[ 
https://issues.apache.org/jira/browse/RATIS-2283?page=com.atlassian.jira.plugin.system.issuetabpanels:all-tabpanel
 ]

Xinhao GU updated RATIS-2283:
-----------------------------
    Description: 
h3. *Description*

After the {{GrpcLogAppender}} thread restarts, the {{catchup}} flag in the 
corresponding {{followerInfo}} remains {{{}false{}}}. This causes a critical 
issue when performing a membership change (e.g., adding a new peer). 
Specifically, {{checkProgress}} cannot complete, leading to indefinite blocking 
during the reconfiguration phase.
h3. Related Log 
{code:java}
2025-03-14 17:57:43,342 [grpc-default-executor-41] WARN  
o.a.r.g.s.GrpcAdminProtocolService:79 - Failed to setConfiguration: 
SetConfigurationRequest:client-7BB03FC6049C->5@group-000200000014, cid=15, 
seq=null, RW, null, SET_UNCONDITIONALLY, servers:[3|192.168.10.72:10750, 
4|192.168.10.73:10750, 5|192.168.10.74:10750, 7|192.168.10.76:10750], 
listeners:[] 
java.util.concurrent.CompletionException: 
org.apache.ratis.protocol.exceptions.ReconfigurationInProgressException: 
Reconfiguration is already in progress: conf: {index: 1, 
cur=peers:[3|192.168.10.72:10750, 4|192.168.10.73:10750, 
5|192.168.10.74:10750]|listeners:[], old=null}
    at org.apache.ratis.util.JavaUtils.callAsUnchecked(JavaUtils.java:122)
    at 
org.apache.ratis.server.impl.RaftServerImpl.lambda$executeSubmitServerRequestAsync$10(RaftServerImpl.java:902)
    at 
java.base/java.util.concurrent.CompletableFuture$AsyncSupply.run(CompletableFuture.java:1768)
    at 
java.base/java.util.concurrent.ThreadPoolExecutor.runWorker(ThreadPoolExecutor.java:1136)
    at 
java.base/java.util.concurrent.ThreadPoolExecutor$Worker.run(ThreadPoolExecutor.java:635)
    at java.base/java.lang.Thread.run(Thread.java:833)
Caused by: 
org.apache.ratis.protocol.exceptions.ReconfigurationInProgressException: 
Reconfiguration is already in progress: conf: {index: 1, 
cur=peers:[3|192.168.10.72:10750, 4|192.168.10.73:10750, 
5|192.168.10.74:10750]|listeners:[], old=null}
    at 
org.apache.ratis.server.impl.RaftServerImpl.setConfigurationAsync(RaftServerImpl.java:1320)
    at 
org.apache.ratis.server.impl.RaftServerProxy.lambda$null$24(RaftServerProxy.java:623)
    at org.apache.ratis.util.JavaUtils.callAsUnchecked(JavaUtils.java:118)
    ... 5 common frames omitted {code}
h3. Cause Analysis
 # *Direct Cause:*
When the {{GrpcLogAppender}} restarts, its {{catchup}} flag stays 
{{{}false{}}}, and {{hasAttemptedToInstallSnapshot}} is unsatisfied.

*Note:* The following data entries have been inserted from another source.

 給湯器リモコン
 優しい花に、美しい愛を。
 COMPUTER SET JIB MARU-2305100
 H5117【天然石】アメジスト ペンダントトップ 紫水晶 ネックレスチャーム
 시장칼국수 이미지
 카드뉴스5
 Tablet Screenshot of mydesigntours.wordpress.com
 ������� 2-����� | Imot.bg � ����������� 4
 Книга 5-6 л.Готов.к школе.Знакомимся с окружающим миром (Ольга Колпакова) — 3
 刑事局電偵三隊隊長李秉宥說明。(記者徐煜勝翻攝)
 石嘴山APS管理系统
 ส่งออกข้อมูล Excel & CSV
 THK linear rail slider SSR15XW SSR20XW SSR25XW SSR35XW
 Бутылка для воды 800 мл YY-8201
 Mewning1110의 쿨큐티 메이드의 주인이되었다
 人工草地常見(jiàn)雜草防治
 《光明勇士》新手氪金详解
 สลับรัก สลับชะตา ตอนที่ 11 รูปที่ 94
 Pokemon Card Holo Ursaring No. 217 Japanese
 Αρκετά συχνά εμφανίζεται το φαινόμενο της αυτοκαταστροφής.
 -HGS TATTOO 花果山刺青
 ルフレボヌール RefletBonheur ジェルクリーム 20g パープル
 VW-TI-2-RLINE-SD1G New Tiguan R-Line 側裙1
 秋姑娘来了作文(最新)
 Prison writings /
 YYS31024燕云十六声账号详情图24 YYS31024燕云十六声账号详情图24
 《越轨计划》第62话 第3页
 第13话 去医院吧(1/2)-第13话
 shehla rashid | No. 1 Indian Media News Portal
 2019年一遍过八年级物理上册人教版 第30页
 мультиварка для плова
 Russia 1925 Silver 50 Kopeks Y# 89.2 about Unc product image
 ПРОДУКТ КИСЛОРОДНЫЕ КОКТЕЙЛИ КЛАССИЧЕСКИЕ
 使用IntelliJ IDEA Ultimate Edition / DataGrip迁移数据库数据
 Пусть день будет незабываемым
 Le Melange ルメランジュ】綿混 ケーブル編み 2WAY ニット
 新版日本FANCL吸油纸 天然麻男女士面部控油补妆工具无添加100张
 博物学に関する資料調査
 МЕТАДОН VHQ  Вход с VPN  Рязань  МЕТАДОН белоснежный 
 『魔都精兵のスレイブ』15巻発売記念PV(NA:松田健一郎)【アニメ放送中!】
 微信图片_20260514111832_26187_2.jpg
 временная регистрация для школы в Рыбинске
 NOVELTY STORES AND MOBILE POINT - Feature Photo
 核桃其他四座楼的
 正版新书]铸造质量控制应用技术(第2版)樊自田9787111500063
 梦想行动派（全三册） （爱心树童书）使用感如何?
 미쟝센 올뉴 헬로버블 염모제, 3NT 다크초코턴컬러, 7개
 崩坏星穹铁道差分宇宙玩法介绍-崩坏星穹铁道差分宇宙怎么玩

This 
prevents the {{stagingState}} phase of reconfiguration from completing.

 # *Code-Level Issue:*
In {{{}shouldInstallSnapshot(){}}}, the current logic only allows new followers 
in the {{stagingState}} to trigger snapshot installation. Restarted _old 
followers_ (e.g., after {{GrpcLogAppender}} restart) are excluded, causing 
their {{catchup}} flag to remain {{false}} indefinitely.

h3. Related Code
{code:java}
private BootStrapProgress checkProgress(FollowerInfo follower, long committed) {
  long confIndex = server.getRaftConf().getLogEntryIndex();
  long matchIndex = follower.getMatchIndex();
  LOG.info("{}: checkProgress for {}, commitIndex={}, conf'LogEntryIndex={}", 
this, follower, committed, confIndex);
  Preconditions.assertTrue(!isCaughtUp(follower));
  final Timestamp progressTime = 
Timestamp.currentTime().addTimeMs(-server.getMaxTimeoutMs());
  final Timestamp timeoutTime = 
Timestamp.currentTime().addTimeMs(-stagingTimeout.toLong(TimeUnit.MILLISECONDS));
  if (follower.getLastRpcResponseTime().compareTo(timeoutTime) < 0) {
    LOG.info("{} detects a follower {} timeout ({}ms) for bootstrapping", this, 
follower,
        follower.getLastRpcResponseTime().elapsedTimeMs());
    return BootStrapProgress.NOPROGRESS;
  } else if (matchIndex + stagingCatchupGap > committed
      && matchIndex >= confIndex
      && follower.getLastRpcResponseTime().compareTo(progressTime) > 0
      && follower.hasAttemptedToInstallSnapshot()) {
    LOG.info("{} detects a follower {} is caught up for bootstrapping, 
follower's matchIndex={}, Attempted={}", this, follower, matchIndex, 
follower.hasAttemptedToInstallSnapshot());
    return BootStrapProgress.CAUGHTUP;
  } else {
    LOG.info("{} detects a follower {} is making progress for bootstrapping, 
follower's matchIndex={}, Attempted={}", this, follower, matchIndex, 
follower.hasAttemptedToInstallSnapshot());
    return BootStrapProgress.PROGRESSING;
  }
} {code}
h3. *Proposed Fix:*

{*}Adjust {{shouldInstallSnapshot()}} Logic{*}: Allow snapshot installation for 
both _new followers_ in {{stagingState}} and {_}restarted old followers{_}.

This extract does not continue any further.